Grease the giant cupcake mould with oil and flour, then preheat the oven to 180°C.
Whisk oil and sugar in a bowl, add eggs individually, then stir in pumpkin and ginger.
Sift in flour, then fold in salt, bicarbonate of soda, spices, raisins, and walnuts.
Bake moulds at 180°C for 10 minutes, then at 150°C for 30-35 minutes until a skewer is clean.
Beat vegan spread, maple syrup, and icing sugar together until smooth, adding water if needed.
Knead green food colouring into half the sugarpaste, roll it out, and cover the presentation board.
Mould brown sugarpaste into a 5x6cm door, a 4.5x6cm table, stools, and logs with grain effects.
Create purple sugarpaste windows, a yellow path, a blue pond, and small picnic items.
Arrange the path, pond, liquorice pebbles, and cocoa soil with sugarpaste pumpkins on the board.
Place the picnic table and paraphernalia on the board and let the cakes cool completely.
Smooth the cake base ridges with marzipan and cover the roof cake with buttercream.
Mix royal icing sugar with water and put a small amount in a 1cm piping nozzle bag.
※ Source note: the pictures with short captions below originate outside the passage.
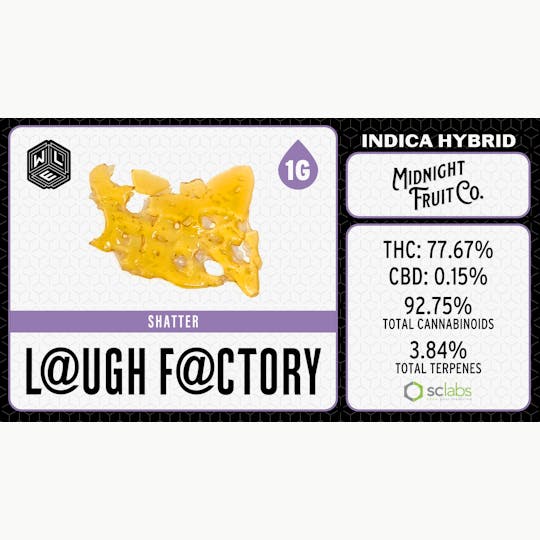 White Label Extracts - WLE | Laugh Factory | Shatter (1g) Indica Hybrid - 1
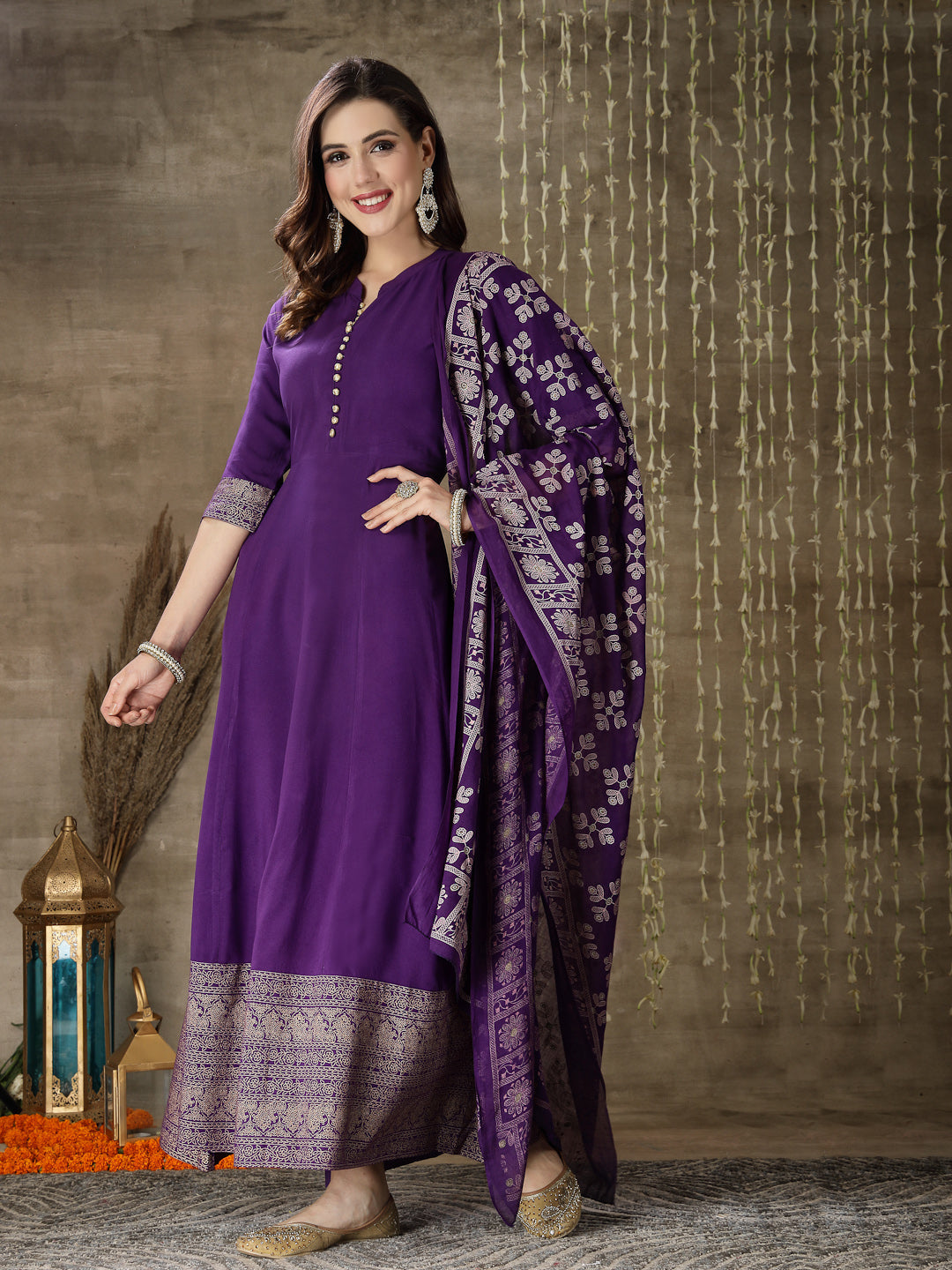 Printed Rayon Anarkali kurta with Dupatta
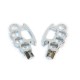 Motorcycle Flying Knuckle Footrests Control Footpegs Foot Pegs Pedal White outside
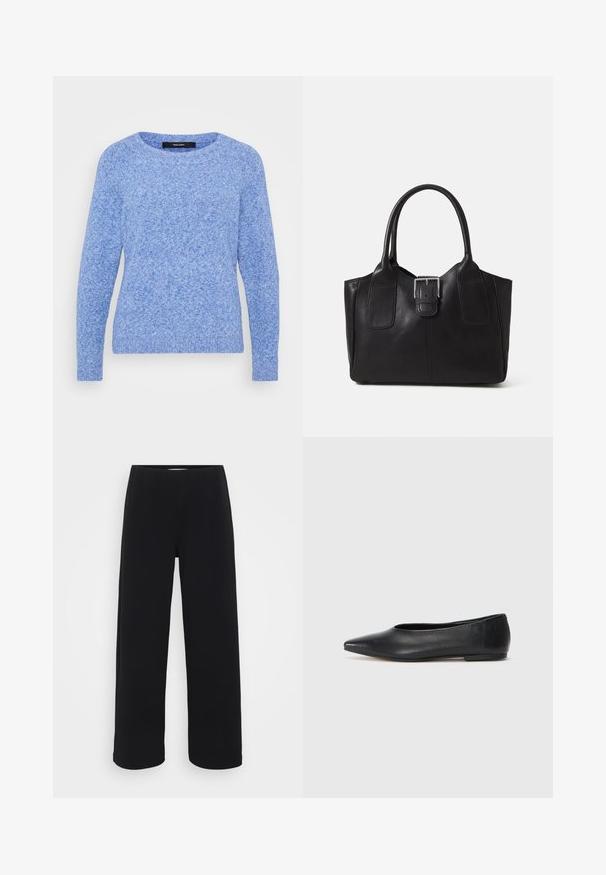 Lys blå genser laget av teksturert strikket stoff; har en rund halsutskjæring og lange ermer med ribbestrikkede mansjetter og kant.; Svart bukser med vid benvidde og elastisk midjebånd. Laget av et strukturert materiale, med en løs passform og rett snitt fra hoftene til sømmen.; Sorte lærballerina med spiss tå, minimalistisk design, glatt tekstur, lav hæl uten synlig metall eller dekorasjoner.; Svart skinn toteveske med jevn tekstur, strukturert form, to håndtak og en fremtredende sølvspenne foran.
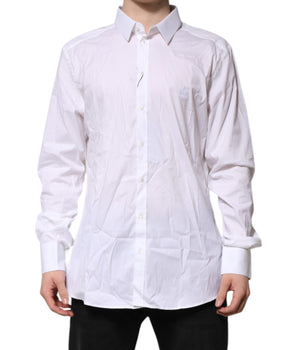Camisa formal de manga larga Dolce &amp; Gabbana de algodón blanco dorado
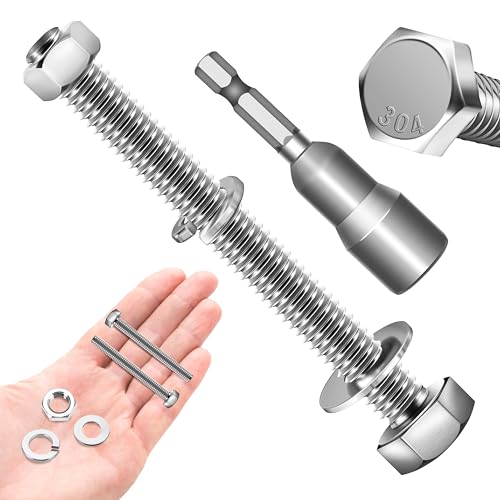 Image of (12 Sets) 5 /16-18 x 3 inch, 5 /16 Bolt Hex Head Screws Nuts and Bolts Kit with 5 /16 Stainless Steel, Nuts Bolts Washers Assortment, Fully Threaded by Marysino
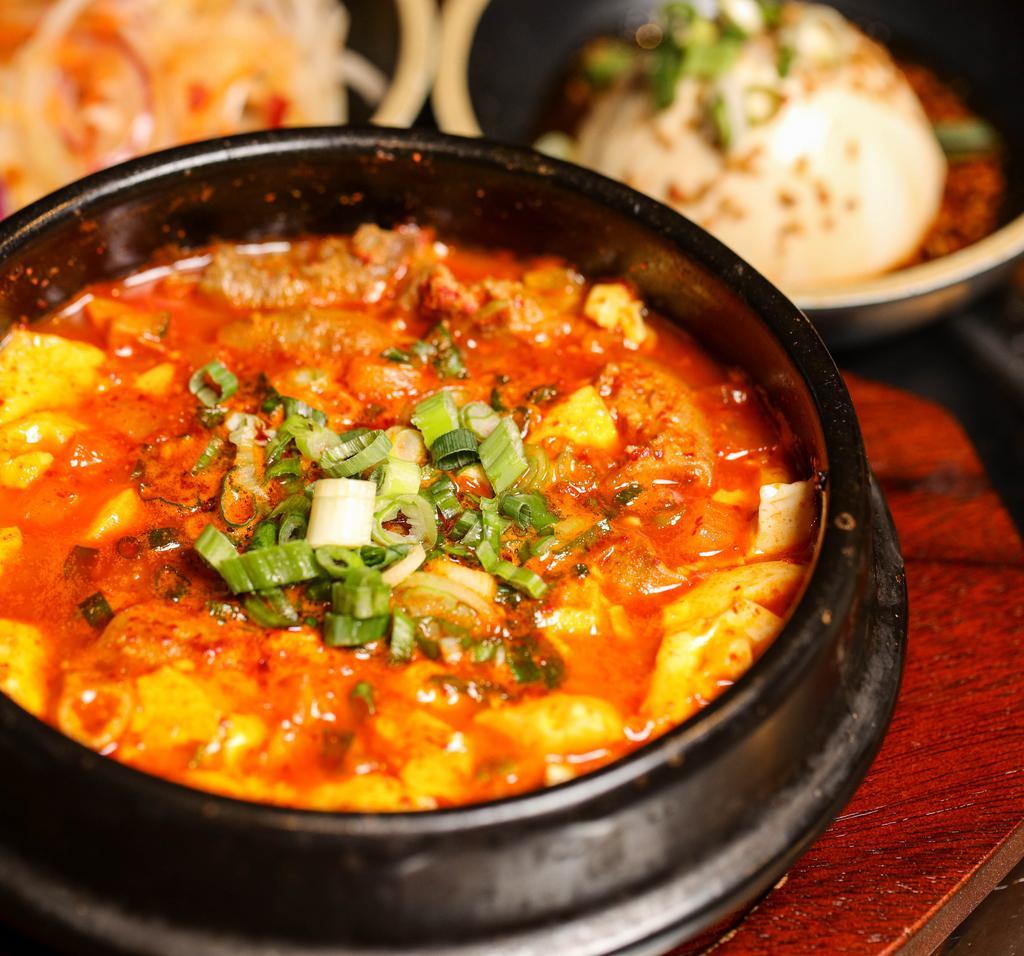 Seafood Soondubu · Soft tofu stew with seafood. (spicy)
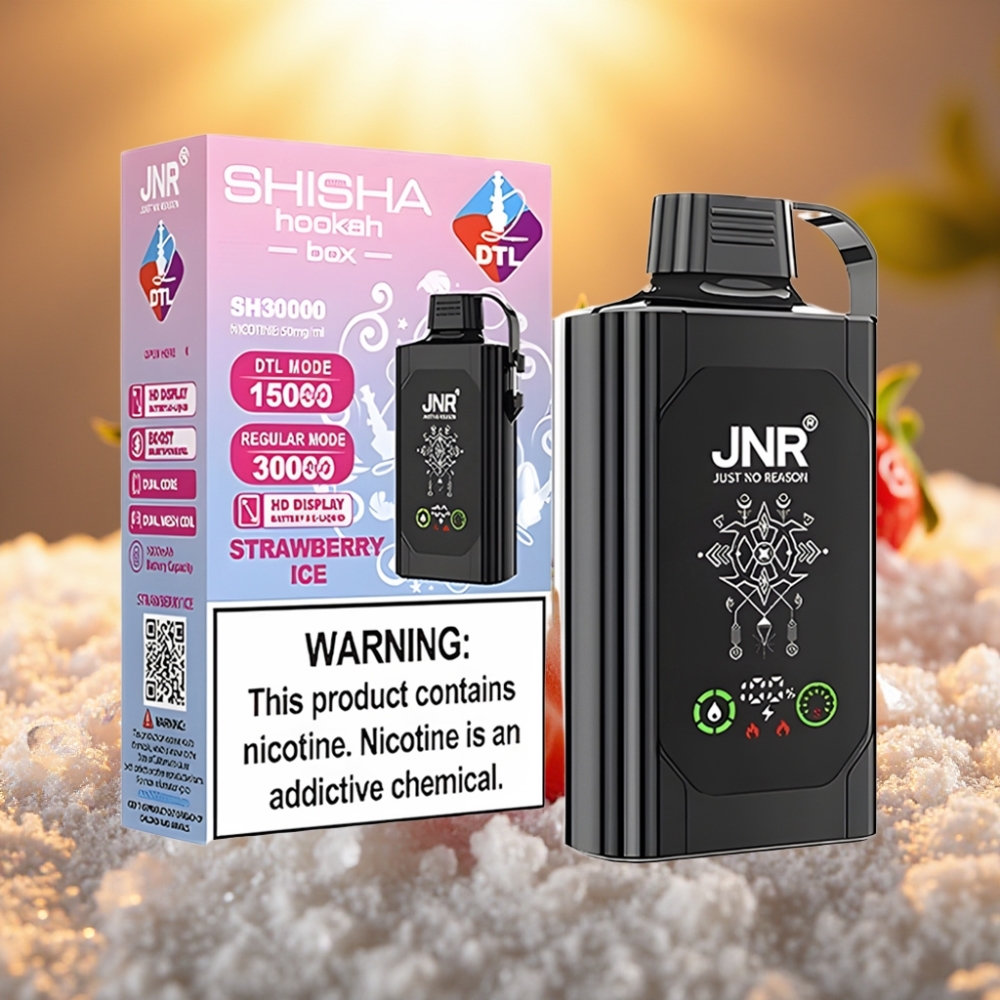 JNR Shisha Hookah Box 20500 Puffs Glace à la Fraise - 25ml, Dual Mesh Coil, Type-C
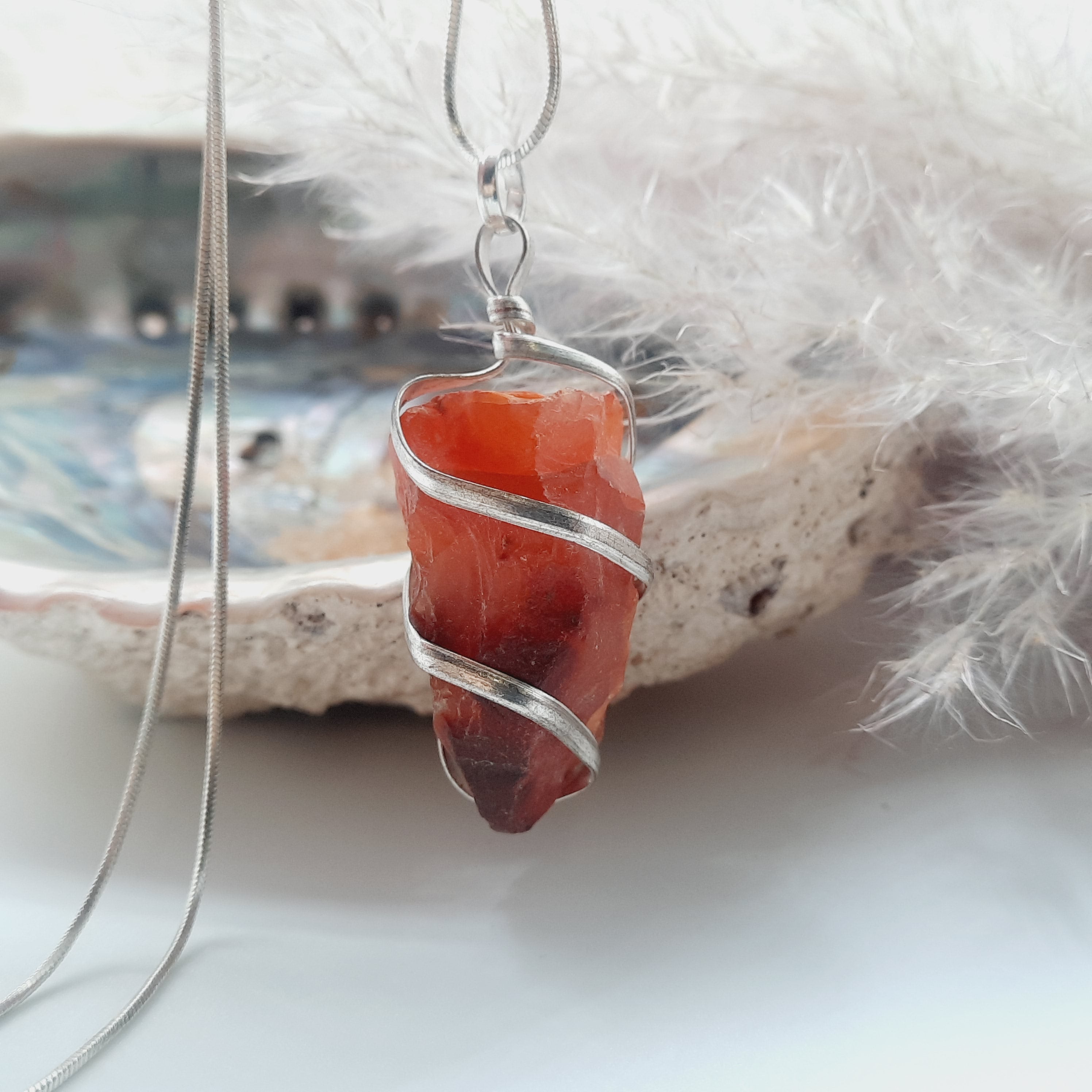 Rough Carnelian Wire Wrap Pendant for Fiery Courage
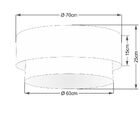 Plafon Duplo Cilíndrico Vivare Md-3064 Cúpula Em Tecido 70x60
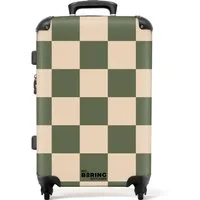 NoBoringSuitcases.com© Hartschalen-Trolley Grün mit beigem Schachbrettmuster 67 cm - 72 L, 4 Rollen, Rollkoffer für Männer, Reisekoffer, Trolley für 20kg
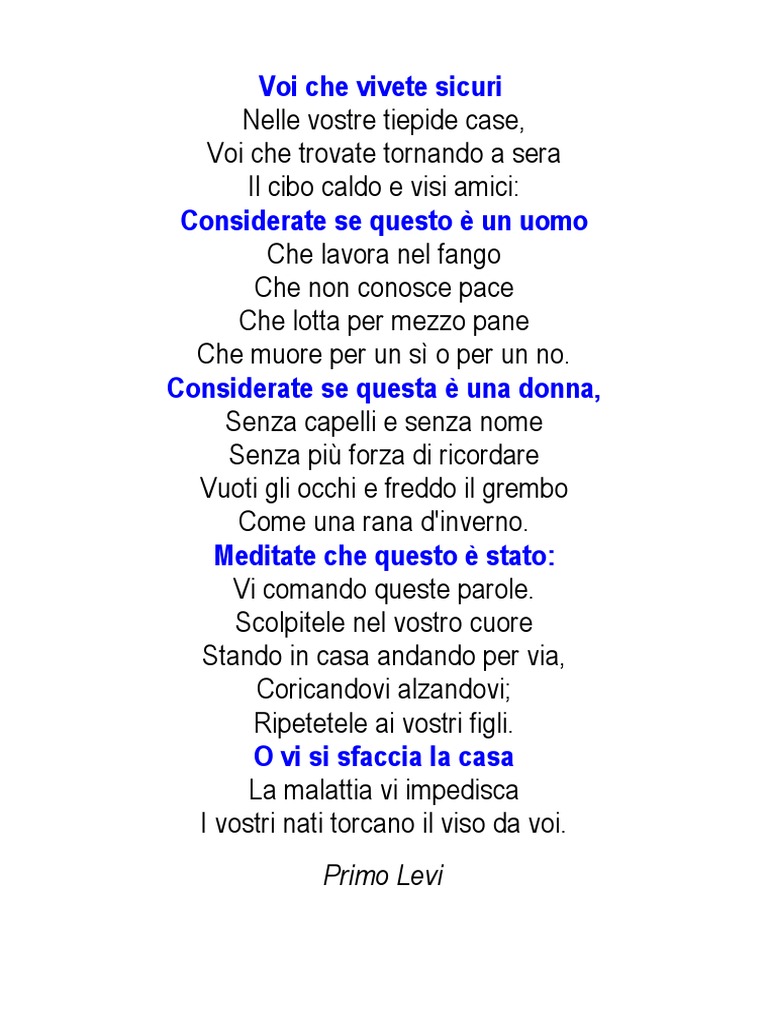 Se Questo E Un Uomo Poesia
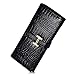 Leiwo Women's Long Croco Leather Credit Card Holder Purse Wallet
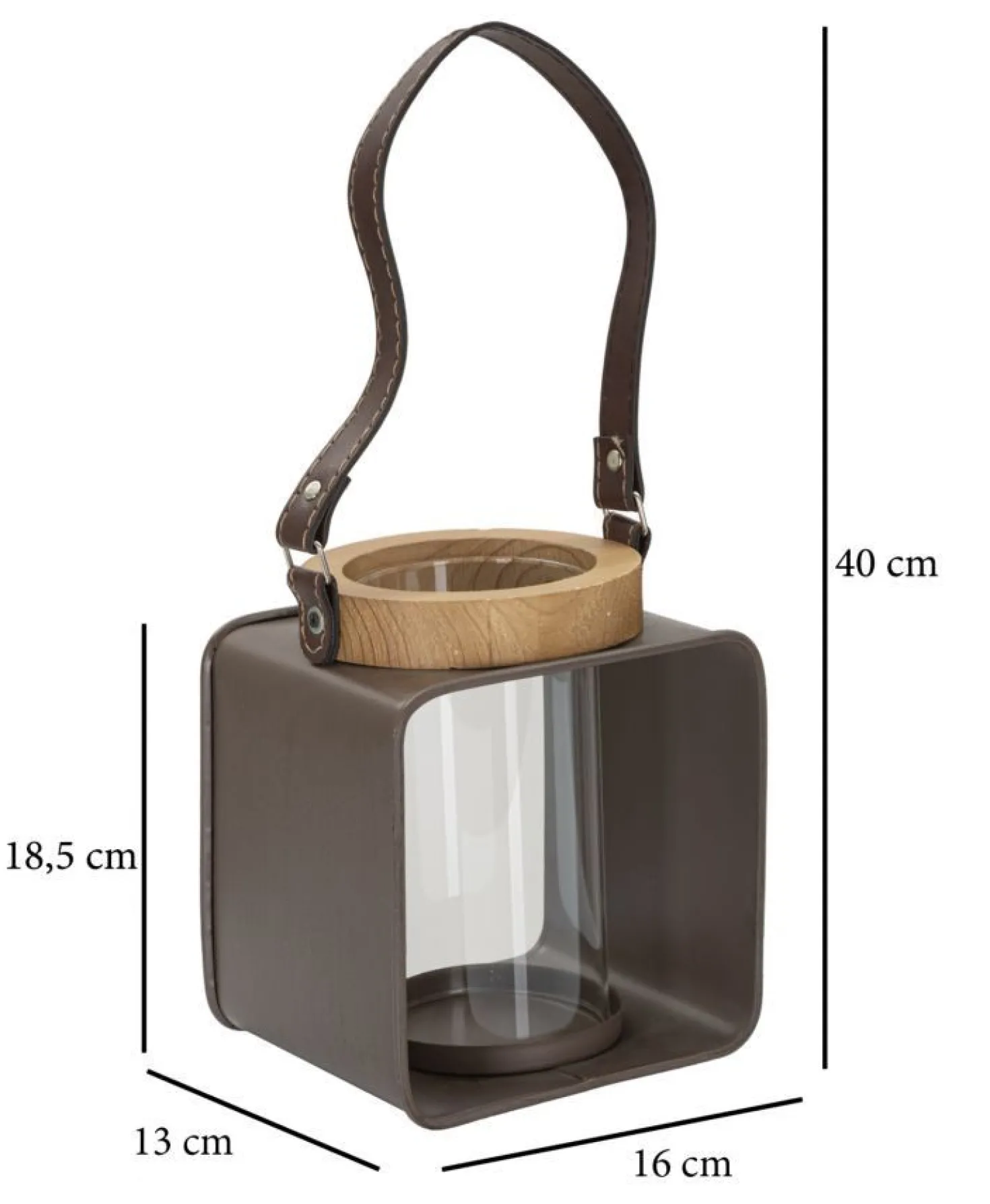 Lanterne en métal et bois design 19ème siècle verre transparent poignée en cuir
Cover the cake base with rolled fondant icing, trim, and place on the board.
Attach the windows, door, and lintels to the base using the royal icing.
Cover the roof cake with red-coloured fondant and rub with vegetable shortening for a sheen.
Sprinkle with glitter, secure the roof with royal icing, and add fondant spots.
Pipe green royal icing grass around the base and finish with edible wafer butterflies.